◆ Exercise aim
Return exactly the lines from the "Carpool etiquette outline" line through the last line of the entries below. Include no pictures.

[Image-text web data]
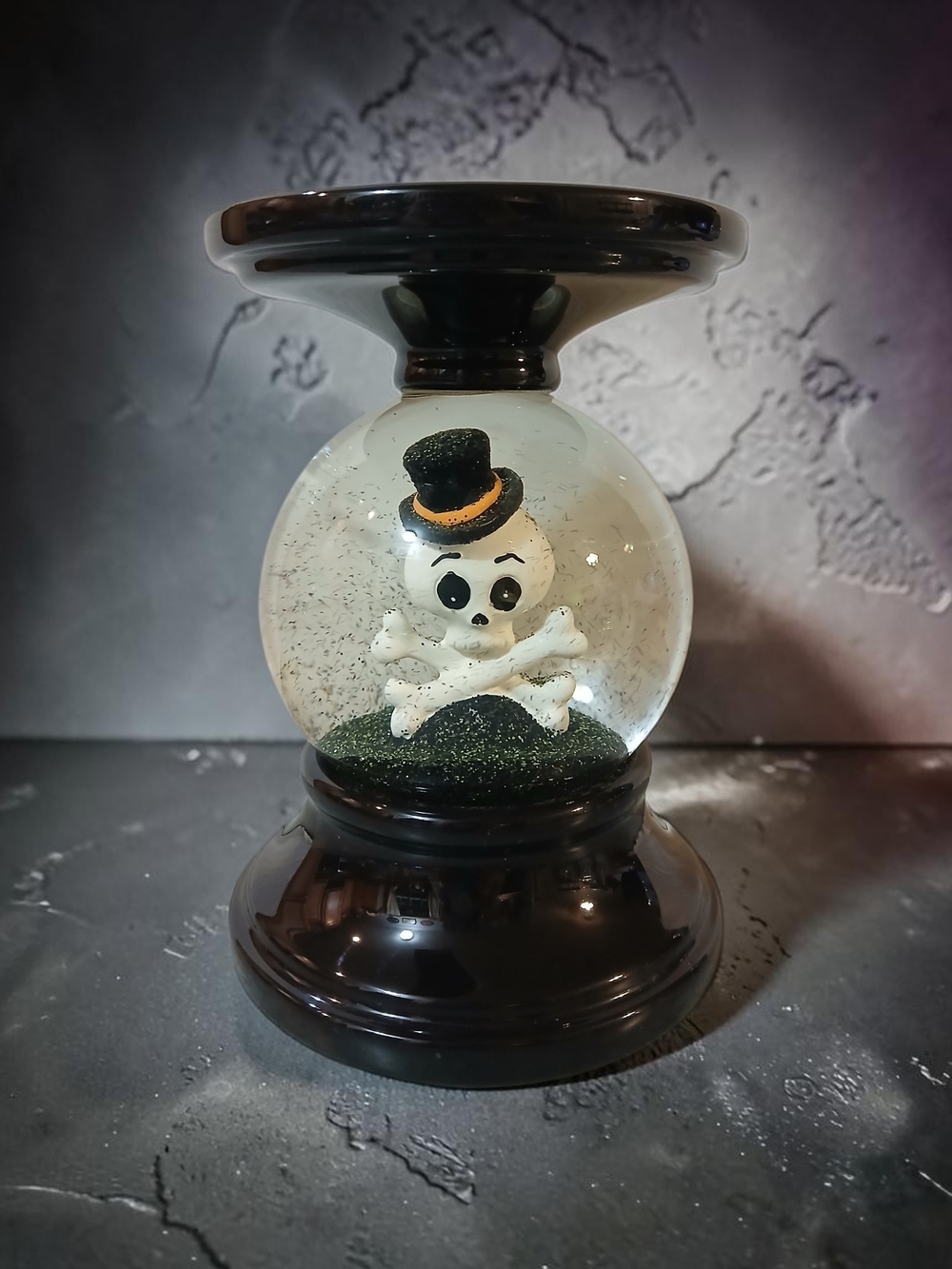 Black Halloween Skull Snow Globe Candle Holder - Home Holiday
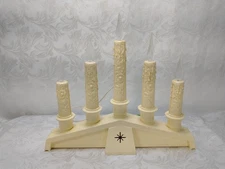 Retro Vintage Christmas Candolier 5 Light Plastic Drip Candles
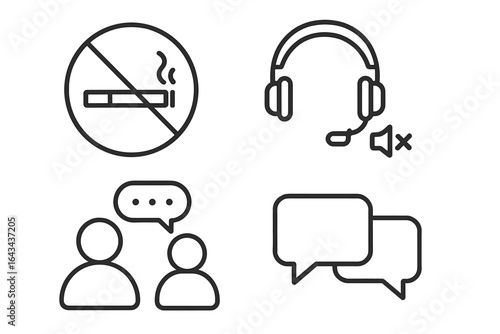 Carpool etiquette outline icon set. Shared ride rules symbols. No smoking sign, quiet zone with headphones, talking and chat bubble icons. Vector pictograms for web.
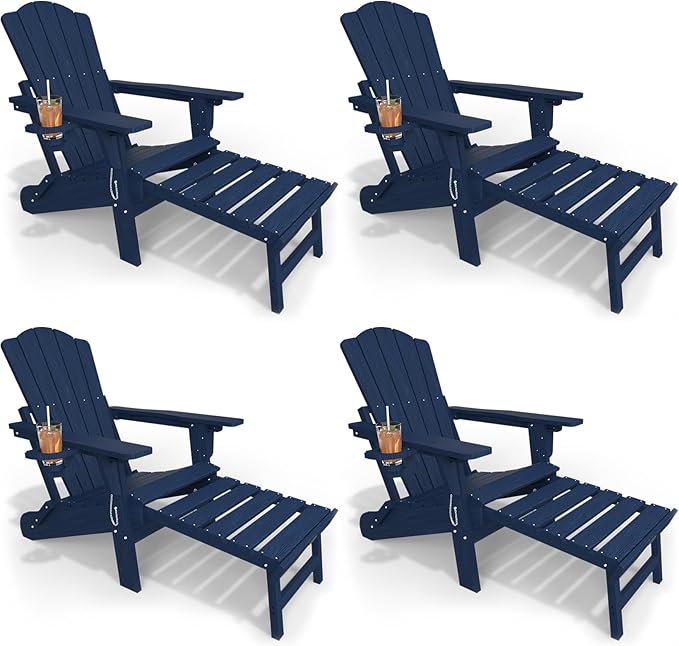 Adjustable Adirondack Chairs with Retractable Ottoman Set of 4, HDEP Folding Adirondack Chair with Footrest & Cup Holder, All Weather Fire Pit Chair for Outdoor,Navy Blue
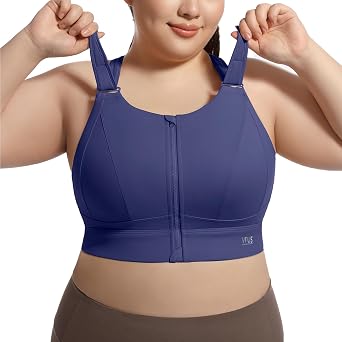 High Impact Sports Bras for Women Adjustable Zip Front Plus Size Workout Bra Full Coverage Removable Padded Running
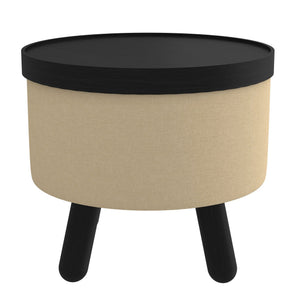Betsy Round Storage Ottoman with Tray - perfect footrests with style | Image 4 | InSTYLE Home & Rugs
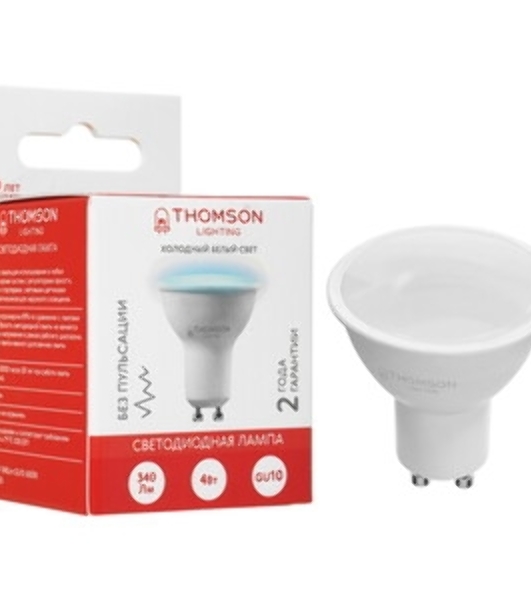Лампа cветодиодная LED Thomson TH-B2328 GU10, полусфера, 10Вт, 6500К, белый холодный, 1 шт.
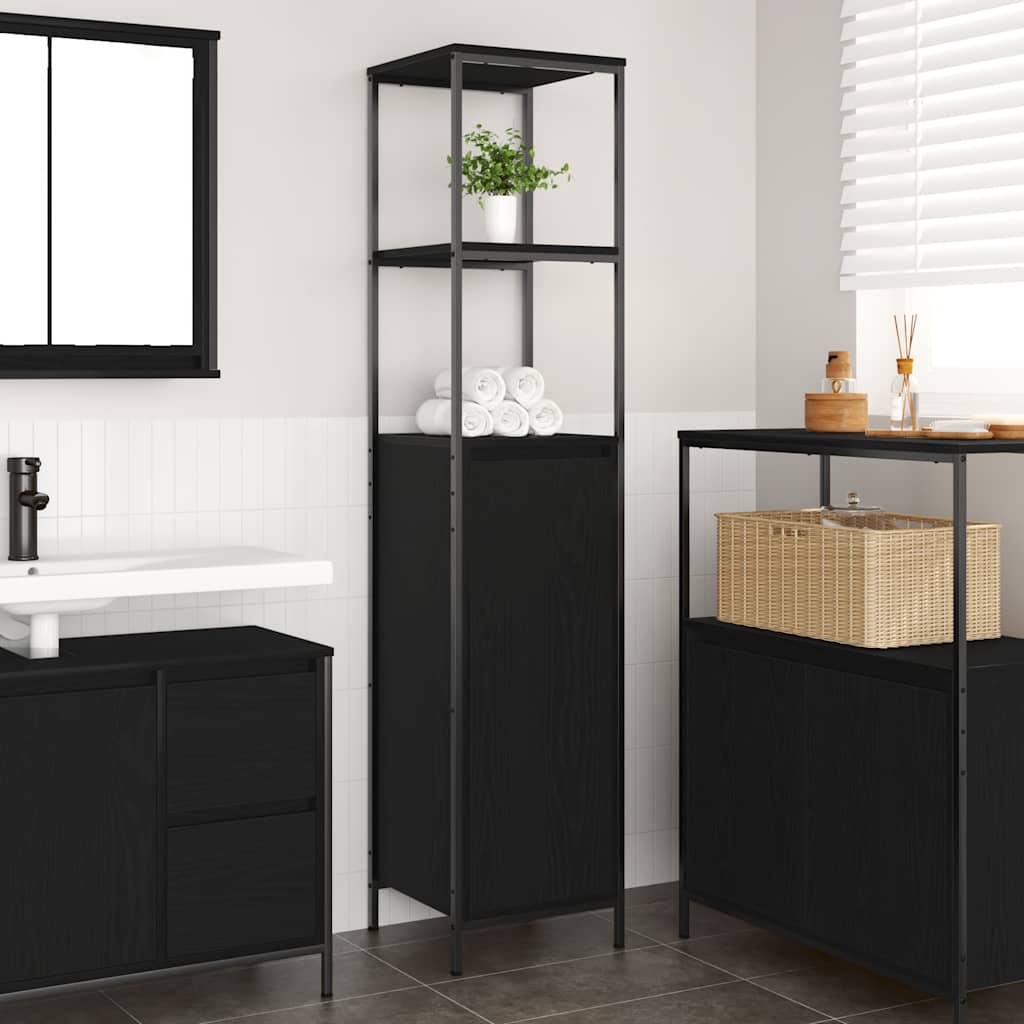 Bathroom Cabinet with Shelves Black Oak 36x35x165 cm - Brittle & Co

◆ The answer
 Carpool etiquette outline icon set. Shared ride rules symbols. No smoking sign, quiet zone with headphones, talking and chat bubble icons. Vector pictograms for web.
 Adjustable Adirondack Chairs with Retractable Ottoman Set of 4, HDEP Folding Adirondack Chair with Footrest & Cup Holder, All Weather Fire Pit Chair for Outdoor,Navy Blue
 High Impact Sports Bras for Women Adjustable Zip Front Plus Size Workout Bra Full Coverage Removable Padded Running
Betsy Round Storage Ottoman with Tray - perfect footrests with style | Image 4 | InSTYLE Home & Rugs
Лампа cветодиодная LED Thomson TH-B2328 GU10, полусфера, 10Вт, 6500К, белый холодный, 1 шт.
 Bathroom Cabinet with Shelves Black Oak 36x35x165 cm - Brittle & Co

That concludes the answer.